Within it though, you see a fascinating puzzle of many pieces. You must be curious to succeed… a good sign is that the SEO has their own website.

➡️ Not only does tricking Google no longer work on the whole, you must have a holistic view of marketing that protects your company’s reputation.

You are mostly rewarded today for creating great, user-first, content-rich sites that attract relevant backlinks.

➡️ There are many scammers out there since the barrier to entry in SEO is low, mostly harming SMBs.

It’s not always clear that certain inputs lead to a given output in organic search results, in addition to demanding time & resources. Many will do almost nothing yet claim success.

With proper testing & analytics though, you’ll get a good sense of what’s working. Remember that SEO can only bolster in already-solid company’s success!

➡️ The psychological aspect of SEO is often ignored but vital.

For example, titles & headlines should be appealing and not just keywords. Clickbait brings attention, and “they” say all press is good press.
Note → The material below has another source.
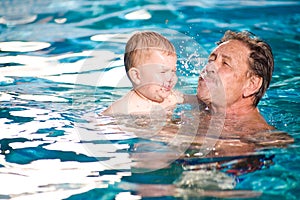 Dedko a vnuk plávať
However, you need to focus on the audience likely to convert, often through being more specific.

➡️ I agree that many informational search results feel spammy or at least not useful foremost.

I don’t want to read another listicle when seeking out neat places to visit abroad.
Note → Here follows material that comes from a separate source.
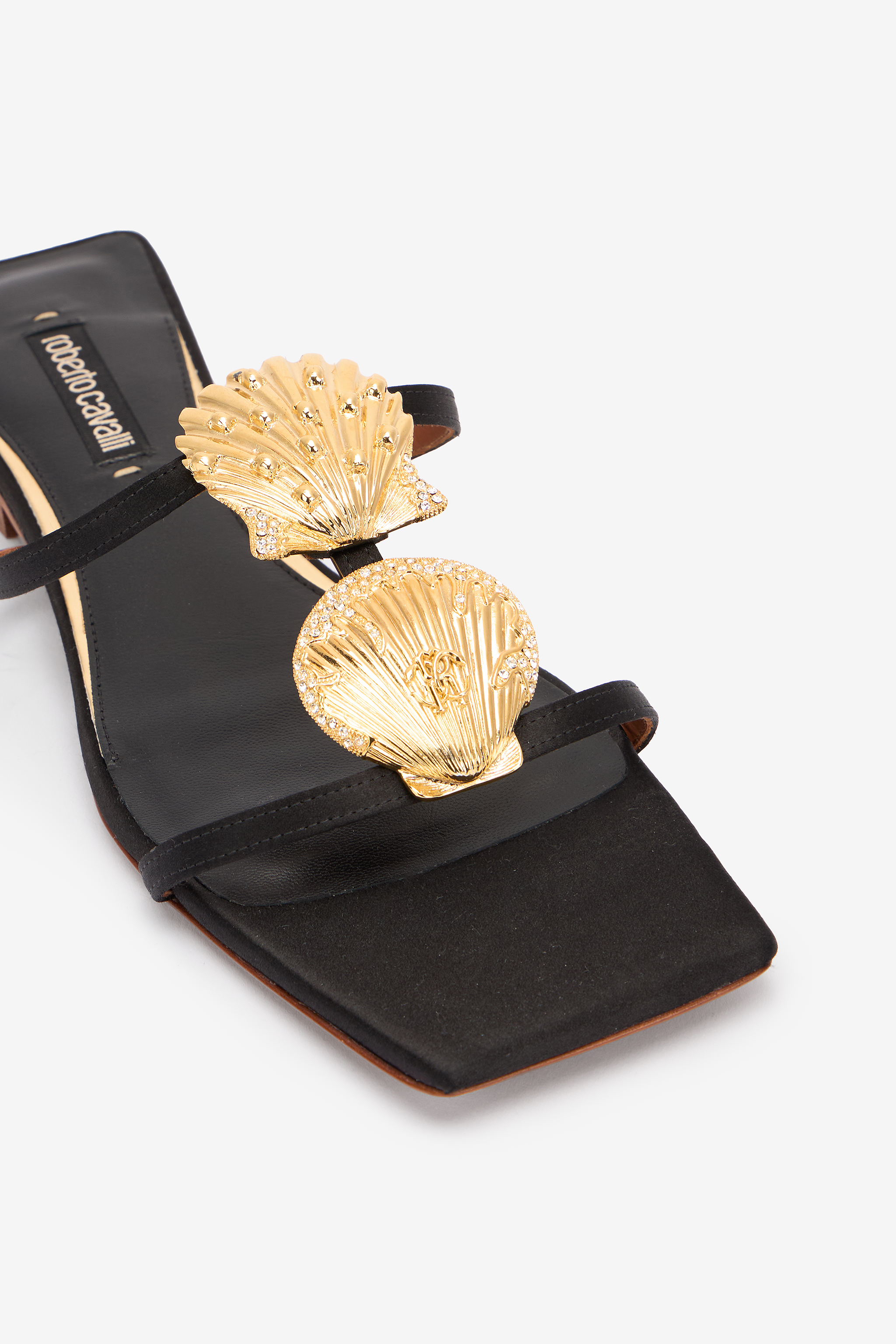 Shop Roberto Cavalli Flache Sandalen Mit Goldenen Muscheln In Black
To counter this, I do append Reddit to many searches when I want to read personal accounts without filler text meant only to sell.

For more straightforward transactional queries, you tend to see good results. The author isn’t clear about what search queries she’s dissatisfied with, just assuming we all feel the same way.

➡️ On another note, reviews on Google Business Profile and elsewhere, Amazon even, are going to be in for a reckoning to massively improve trust in the future.

➡️ While annoying, blackhat SEO pushes the industry forward. I have no doubt AI will spread tremendous crap over the next few years.

It’s important that Google gets challenged though, like how hunter-prey relationships improve overall fitness. Loopholes are few & far between in modern SEO due to this tug-of-war.

➡️ Google is like a monopoly, well above 90% market share.

They aren’t always transparent about what works, like clicks in search results (directly or indirectly) affecting rankings, which makes sense unfortunately.

However, through self-interest you can also understand why they want technical SEO like Core Web Vitals to improve so as to promote faster site crawling. However, this could also mean bias toward big brands with big ad budgets.

➡️ AI technology or some innovation that helps users find more specific, relevant info to them will unseat Google someday, not search engines similar to their current form.

➡️ A lot of people chime in to jump on trends.

I get it but sometimes disdain it (even if acting on it myself). It’s a good reminder to appeal to self-interest whenever you share content; never make it about you.

However, I think what I get most frustrated with is the sense of contrived or even real outrage over this article… I don’t understand how someone could take personal affront even if within the SEO industry.

I’d be fine to transition my career toward a totally different path if SEO truly died, but as long as search functions continue to rank web assets, I don’t see how optimization doesn’t matter, perhaps just shifting… like it always has.